I recall some years ago visiting a hotel, and encountering a young man wearing a yarmulke. We met in the lobby of the hotel. After we got on the elevator, he asked me for a favor. He asked me if I would unlock the door of his hotel room for him. You see, the hotel has electronic locks, and operating the hotel's lock was, in the view of this Jewish man, a violation of the Sabbath.
Oddly, he had not the least compunction in asking me to violate the Sabbath for him. I disagreed with the man's theonomy, and so I agreed to assist. I pressed the elevator button for him, and I unlocked his door for him. I thought it would be pointless to dispute the matter with him.
Later I investigated whether this was normal or not. After all, normally if something is wrong, it is wrong to ask someone else to do that wrong thing for you. One cannot ask a stranger on a train to murder one's father, nor (thought I) could one ask a stranger in a hotel lobby to violate the Sabbath. It turns out that the standard Jewish response to the latter question is to distinguish.
Apparently, the standard Jewish answer is that the Sabbath is only for the Jews, not for the Gentiles. Thus, it's perfectly ok for me (who the young man assumed to be a Gentile) to break the Sabbath, but not ok for me to kill (since prohibitions on murder are more universal).
Why do I bring this up now?

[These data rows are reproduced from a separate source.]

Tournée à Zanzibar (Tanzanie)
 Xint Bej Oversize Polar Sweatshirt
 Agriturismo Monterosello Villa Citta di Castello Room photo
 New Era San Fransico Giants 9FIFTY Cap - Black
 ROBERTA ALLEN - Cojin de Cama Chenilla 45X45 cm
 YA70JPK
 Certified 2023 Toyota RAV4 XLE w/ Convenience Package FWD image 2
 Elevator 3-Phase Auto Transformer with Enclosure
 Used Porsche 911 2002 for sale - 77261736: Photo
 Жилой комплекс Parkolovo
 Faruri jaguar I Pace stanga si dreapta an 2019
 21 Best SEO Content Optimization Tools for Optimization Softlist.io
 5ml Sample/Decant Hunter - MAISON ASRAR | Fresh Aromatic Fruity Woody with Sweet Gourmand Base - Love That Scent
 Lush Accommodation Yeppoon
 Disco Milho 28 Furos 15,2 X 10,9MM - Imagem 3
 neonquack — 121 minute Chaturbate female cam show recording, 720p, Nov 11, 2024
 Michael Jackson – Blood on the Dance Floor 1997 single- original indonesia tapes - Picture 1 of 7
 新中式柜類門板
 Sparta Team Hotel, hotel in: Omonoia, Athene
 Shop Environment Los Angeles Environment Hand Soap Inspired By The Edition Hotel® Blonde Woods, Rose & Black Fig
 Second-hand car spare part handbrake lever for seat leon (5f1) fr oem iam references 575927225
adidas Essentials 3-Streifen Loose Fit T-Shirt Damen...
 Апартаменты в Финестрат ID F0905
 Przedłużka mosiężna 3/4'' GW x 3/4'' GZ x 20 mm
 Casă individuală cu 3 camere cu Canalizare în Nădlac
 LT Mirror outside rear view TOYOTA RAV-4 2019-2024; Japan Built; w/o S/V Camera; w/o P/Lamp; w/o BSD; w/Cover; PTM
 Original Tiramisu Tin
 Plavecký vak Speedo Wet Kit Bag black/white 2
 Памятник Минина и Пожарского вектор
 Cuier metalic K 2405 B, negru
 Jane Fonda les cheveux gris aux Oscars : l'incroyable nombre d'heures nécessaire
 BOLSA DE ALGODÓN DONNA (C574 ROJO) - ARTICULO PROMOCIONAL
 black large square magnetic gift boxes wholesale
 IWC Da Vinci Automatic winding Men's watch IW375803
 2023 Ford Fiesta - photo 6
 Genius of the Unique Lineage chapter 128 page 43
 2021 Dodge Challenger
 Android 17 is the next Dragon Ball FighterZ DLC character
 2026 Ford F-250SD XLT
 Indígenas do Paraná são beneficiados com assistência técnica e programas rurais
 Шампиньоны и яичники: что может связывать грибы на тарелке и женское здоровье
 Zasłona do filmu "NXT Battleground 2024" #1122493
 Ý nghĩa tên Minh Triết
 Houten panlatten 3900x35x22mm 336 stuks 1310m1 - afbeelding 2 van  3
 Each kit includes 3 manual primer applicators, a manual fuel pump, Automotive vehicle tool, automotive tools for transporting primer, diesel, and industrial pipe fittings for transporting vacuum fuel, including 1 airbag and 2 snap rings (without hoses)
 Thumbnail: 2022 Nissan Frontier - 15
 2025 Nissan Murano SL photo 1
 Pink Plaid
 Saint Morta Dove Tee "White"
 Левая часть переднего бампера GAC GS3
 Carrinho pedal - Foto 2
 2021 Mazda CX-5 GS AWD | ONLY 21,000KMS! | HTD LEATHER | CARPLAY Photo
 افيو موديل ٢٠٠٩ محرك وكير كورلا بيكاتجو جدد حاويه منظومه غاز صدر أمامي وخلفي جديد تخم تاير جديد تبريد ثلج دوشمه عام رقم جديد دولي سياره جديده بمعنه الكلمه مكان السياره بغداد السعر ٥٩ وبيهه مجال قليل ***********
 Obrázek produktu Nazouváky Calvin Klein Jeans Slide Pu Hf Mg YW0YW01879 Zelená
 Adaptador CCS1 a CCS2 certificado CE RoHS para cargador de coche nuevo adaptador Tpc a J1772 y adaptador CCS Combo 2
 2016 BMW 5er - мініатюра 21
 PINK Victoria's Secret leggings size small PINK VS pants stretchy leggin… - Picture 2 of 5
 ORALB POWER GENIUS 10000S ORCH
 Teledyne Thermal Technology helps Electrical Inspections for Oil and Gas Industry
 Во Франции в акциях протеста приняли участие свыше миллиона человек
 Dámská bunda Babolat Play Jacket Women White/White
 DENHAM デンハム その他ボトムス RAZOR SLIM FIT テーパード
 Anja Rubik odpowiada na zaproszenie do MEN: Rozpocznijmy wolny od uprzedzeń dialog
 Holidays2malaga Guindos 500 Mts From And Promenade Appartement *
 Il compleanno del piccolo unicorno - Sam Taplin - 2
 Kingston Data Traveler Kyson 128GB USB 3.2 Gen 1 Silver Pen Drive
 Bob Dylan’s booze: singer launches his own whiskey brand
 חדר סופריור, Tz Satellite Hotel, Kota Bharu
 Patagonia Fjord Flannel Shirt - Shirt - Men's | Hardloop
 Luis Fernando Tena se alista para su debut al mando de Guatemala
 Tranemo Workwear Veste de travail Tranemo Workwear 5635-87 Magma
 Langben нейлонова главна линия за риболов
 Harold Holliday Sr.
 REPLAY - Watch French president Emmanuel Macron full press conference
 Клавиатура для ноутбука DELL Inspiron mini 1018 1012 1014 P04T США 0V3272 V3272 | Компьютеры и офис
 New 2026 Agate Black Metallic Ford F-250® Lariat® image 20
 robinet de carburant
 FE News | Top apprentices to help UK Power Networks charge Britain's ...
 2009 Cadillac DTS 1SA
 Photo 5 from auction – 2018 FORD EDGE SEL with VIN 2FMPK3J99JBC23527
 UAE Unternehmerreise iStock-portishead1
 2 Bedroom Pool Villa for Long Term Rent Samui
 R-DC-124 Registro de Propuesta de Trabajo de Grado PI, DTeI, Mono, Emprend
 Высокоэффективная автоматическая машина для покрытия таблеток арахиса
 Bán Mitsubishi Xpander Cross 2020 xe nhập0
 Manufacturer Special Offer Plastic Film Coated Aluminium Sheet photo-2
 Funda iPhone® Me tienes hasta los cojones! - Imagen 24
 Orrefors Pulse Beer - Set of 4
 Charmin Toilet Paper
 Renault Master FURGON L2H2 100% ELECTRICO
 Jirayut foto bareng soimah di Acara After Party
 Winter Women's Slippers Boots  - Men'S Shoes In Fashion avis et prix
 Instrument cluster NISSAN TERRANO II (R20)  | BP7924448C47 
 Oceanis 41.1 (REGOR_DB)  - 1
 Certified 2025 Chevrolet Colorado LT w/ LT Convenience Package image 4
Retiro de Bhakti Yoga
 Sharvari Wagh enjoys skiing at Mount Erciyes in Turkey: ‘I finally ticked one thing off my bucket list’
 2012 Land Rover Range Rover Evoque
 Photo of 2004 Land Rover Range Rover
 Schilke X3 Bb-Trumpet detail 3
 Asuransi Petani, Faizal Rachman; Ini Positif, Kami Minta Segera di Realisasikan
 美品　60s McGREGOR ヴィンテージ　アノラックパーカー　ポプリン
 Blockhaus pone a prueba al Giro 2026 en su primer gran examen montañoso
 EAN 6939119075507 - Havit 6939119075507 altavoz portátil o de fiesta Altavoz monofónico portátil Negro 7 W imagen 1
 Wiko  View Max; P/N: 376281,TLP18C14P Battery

The reason I bring it up is because I had a tasty dinner of Rotini with Meat Sauce on a Friday during Lent. I'm interested in Catholic opinion on the matter. Do Catholics think that Lent applies to Christians that are not Catholics? What about to formal/material heretics? In other words, is Lent to Catholics as the Sabbath is to Jews?
On the other side of the spectrum, I am aware that Ramadan in some Muslim countries is enforced by the police. It is not a defense to a charge of breaking Ramadan in any public place that you are not a Muslim.
Furthermore, such a view is not entirely outside Catholicism. Recall that the Fourth Lateran Council decreed:
68. Jews appearing in public
A difference of dress distinguishes Jews or Saracens from Christians in some provinces, but in others a certain confusion has developed so that they are indistinguishable. Whence it sometimes happens that by mistake Christians join with Jewish or Saracen women, and Jews or Saracens with christian women. In order that the offence of such a damnable mixing may not spread further, under the excuse of a mistake of this kind, we decree that such persons of either sex, in every christian province and at all times, are to be distinguished in public from other people by the character of their dress -- seeing moreover that this was enjoined upon them by Moses himself, as we read. They shall not appear in public at all on the days of lamentation and on passion Sunday; because some of them on such days, as we have heard, do not blush to parade in very ornate dress and are not afraid to mock Christians who are presenting a memorial of the most sacred passion and are displaying signs of grief. What we most strictly forbid however, is that they dare in any way to break out in derision of the Redeemer. We order secular princes to restrain with condign punishment those who do so presume, lest they dare to blaspheme in any way him who was crucified for us, since we ought not to ignore insults against him who blotted out our wrongdoings.
So then, the simple question is: is my consumption of Rotini with meat sauce on Friday during Lent a mortal sin for me, or only for my Catholic neighbors? Is Lent more like Ramadan or the Jewish Sabbath? And if the latter, would you please pass the meatballs?
UPDATE: I realize that Orthodox views on Lenten fasting are somewhat diferent. I'd be interested in Orthodox thoughts on whether it is sin for Reformed Christians to violate the various prohibitions on eating, drinking, and sex during that period.
Further Update: Thanks to Reginald for his well-reasoned response from a Catholic perspective here (link). If I may summarize his answer: in his view it is more like the Jewish Sabbath, in that it is permitted for non-Catholics to ignore the fast, because the moral basis of obligation is dependent on the duty of Catholics to obey their church.